Regional COVID Response Dashboard – Methodology

Regional COVID Response Dashboard – Methodology

Published on August 4, 2020, these data visualizations represent data shared with the CHIP team from 13 different COVID-19 response funds. Each shared fund was asked to share grants data in two rounds of data collection, with the latter according to a data standard, which consisted of minimum data fields, definitions, and standard formats.

The CHIP team developed the data standard iteratively. First, we identified key data fields that were needed to answer project questions. (How much money was awarded? What needs was that money intended to address? Who were the intended beneficiaries? Where did the money go?). For the first round of data collection, we conducted initial consultative calls with each shared fund to request both grants award and application data based on this initial list of data fields. The diversity of availability, quality, and format was assessed across shared funds to narrow the minimum key data fields, including restricting the data to only awarded grants. Each data field was defined, and a standard format for each data field was developed. The data across shared funds was cleaned accordingly and merged into the first round master data set.

Two data fields of particular interest were “community need addressed” and “special population served.” The data field for “community need addressed” was developed based on cause areas known to be important for donors, based on the Center’s work in knowledge and education for funders over the past 13 years; review of the National Taxonomy of Exempt Entities (NTEE); surveys implemented by response funds to collect additional grantee information, and a selection of external databases and dashboards that track community needs, including CUSP, Candid’s Foundation Maps and COVID Response Tracker, and Devex COVID Response Tracker. Community needs were classified into 11 broad categories including “Other,” and 39 sub-categories. When the need addressed was only assigned at the high level, the corresponding subcategory assigned was labeled “General” high level need category.

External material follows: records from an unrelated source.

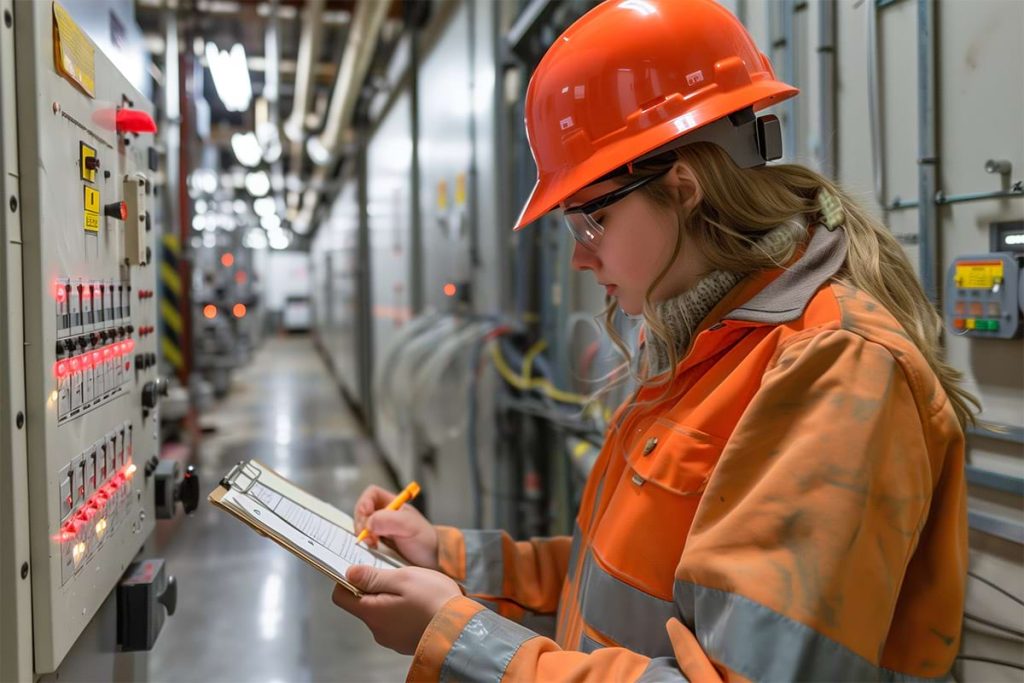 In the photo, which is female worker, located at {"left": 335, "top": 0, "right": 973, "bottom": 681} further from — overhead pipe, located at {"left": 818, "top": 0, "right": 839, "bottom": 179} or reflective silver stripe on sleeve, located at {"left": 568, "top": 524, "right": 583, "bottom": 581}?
overhead pipe, located at {"left": 818, "top": 0, "right": 839, "bottom": 179}

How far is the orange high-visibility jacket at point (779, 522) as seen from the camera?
0.69 metres

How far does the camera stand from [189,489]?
5.05ft

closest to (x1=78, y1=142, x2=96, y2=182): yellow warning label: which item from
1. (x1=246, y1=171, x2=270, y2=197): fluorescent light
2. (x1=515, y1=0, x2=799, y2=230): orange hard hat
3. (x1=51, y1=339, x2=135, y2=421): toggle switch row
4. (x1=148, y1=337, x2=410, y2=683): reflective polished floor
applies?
(x1=51, y1=339, x2=135, y2=421): toggle switch row

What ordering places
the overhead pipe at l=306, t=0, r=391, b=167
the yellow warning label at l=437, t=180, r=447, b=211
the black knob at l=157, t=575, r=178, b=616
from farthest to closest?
the overhead pipe at l=306, t=0, r=391, b=167 < the yellow warning label at l=437, t=180, r=447, b=211 < the black knob at l=157, t=575, r=178, b=616

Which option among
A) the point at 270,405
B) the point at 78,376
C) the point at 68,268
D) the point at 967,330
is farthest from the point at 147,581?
the point at 270,405

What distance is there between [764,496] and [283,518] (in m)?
0.69

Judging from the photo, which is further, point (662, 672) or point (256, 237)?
point (256, 237)

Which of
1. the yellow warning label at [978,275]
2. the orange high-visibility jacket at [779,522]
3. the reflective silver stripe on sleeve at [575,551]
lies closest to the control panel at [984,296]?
the yellow warning label at [978,275]

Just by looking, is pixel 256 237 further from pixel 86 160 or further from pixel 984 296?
pixel 984 296

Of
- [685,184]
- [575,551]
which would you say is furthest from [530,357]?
[685,184]

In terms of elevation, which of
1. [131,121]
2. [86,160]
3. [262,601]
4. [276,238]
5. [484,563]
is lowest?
[262,601]

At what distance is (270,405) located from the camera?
29.9ft

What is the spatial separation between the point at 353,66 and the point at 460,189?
2.37 m

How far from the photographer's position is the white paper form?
104 cm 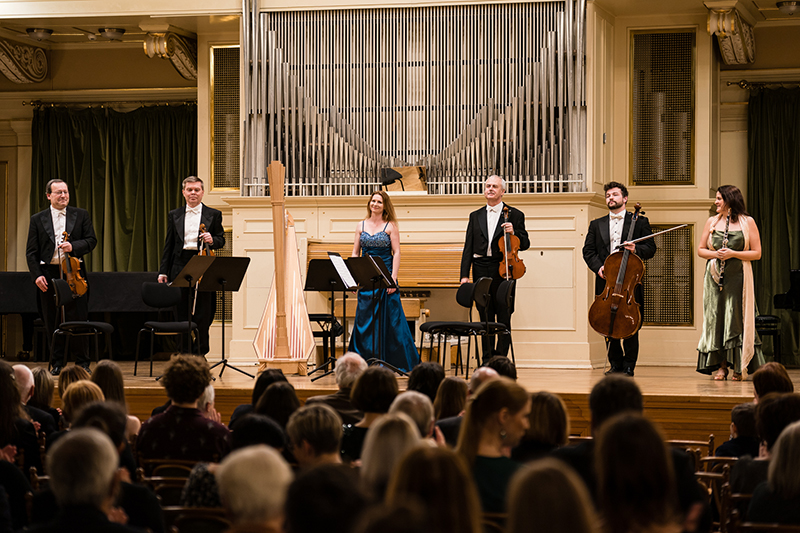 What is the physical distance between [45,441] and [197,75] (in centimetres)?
649

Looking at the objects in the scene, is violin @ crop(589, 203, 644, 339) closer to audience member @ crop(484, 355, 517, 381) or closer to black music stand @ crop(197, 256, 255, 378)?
audience member @ crop(484, 355, 517, 381)

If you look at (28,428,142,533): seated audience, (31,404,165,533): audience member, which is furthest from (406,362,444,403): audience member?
(28,428,142,533): seated audience

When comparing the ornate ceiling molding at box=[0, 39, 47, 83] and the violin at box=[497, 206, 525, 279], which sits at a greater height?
the ornate ceiling molding at box=[0, 39, 47, 83]

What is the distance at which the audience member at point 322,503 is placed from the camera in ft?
5.69

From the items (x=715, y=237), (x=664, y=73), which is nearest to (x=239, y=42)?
(x=664, y=73)

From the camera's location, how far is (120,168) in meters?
10.7

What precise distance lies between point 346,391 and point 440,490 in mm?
2632

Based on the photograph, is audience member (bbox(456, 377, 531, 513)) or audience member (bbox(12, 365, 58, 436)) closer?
audience member (bbox(456, 377, 531, 513))

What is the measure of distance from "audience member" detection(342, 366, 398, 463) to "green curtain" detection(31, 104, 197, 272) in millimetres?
7371

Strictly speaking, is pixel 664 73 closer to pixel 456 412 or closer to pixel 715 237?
pixel 715 237

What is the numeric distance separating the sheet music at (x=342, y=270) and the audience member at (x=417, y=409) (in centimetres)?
332

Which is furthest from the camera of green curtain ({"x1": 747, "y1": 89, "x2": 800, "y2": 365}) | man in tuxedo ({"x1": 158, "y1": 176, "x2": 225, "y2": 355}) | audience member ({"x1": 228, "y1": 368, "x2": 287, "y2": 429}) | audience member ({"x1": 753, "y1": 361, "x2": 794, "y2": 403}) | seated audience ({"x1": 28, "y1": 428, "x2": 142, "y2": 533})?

The data field for “subpopulations served” was composed of 14 subpopulations including an “Other” category, based on the categories of the first and largest response fund, PHL-COVID. Examples of subpopulations in ‘Other” include low-income families, a specific geographic area, those with mental illness, and those of a specific demographic group. “Medically Frail” subpopulations refers to those with or at risk of one or more diseases, such as cancer and COVID-19. The result was the initial data standard. Other subpopulations are self-explanatory.

We conducted a second round of consultative calls with each of the shared funds to request data, based on the data standard. In cases where funds did not submit a second round of data consistent with the initial data standard, the CHIP team manually entered or re-coded data based on collected data in Round 1 and/or publicly available information. In this process, analysts identified gaps in the data field for “community need addressed” and added additional need categories. This reflected the final data standard for this phase of the COVID Response Dashboard. To ensure uniformity across data provided by all shared funds, the CHIP team recoded all grant awards data as needed according to the revised data standard.

This process resulted in an aggregated dataset consisting of 4,892 grants from 13 funds. That data was then used to create the charts and graphs depicted on this page. Map-based visualizations were created by Urban Spatial by overlaying CHIP’s data on the CDC’s social vulnerability index and other indicators of need.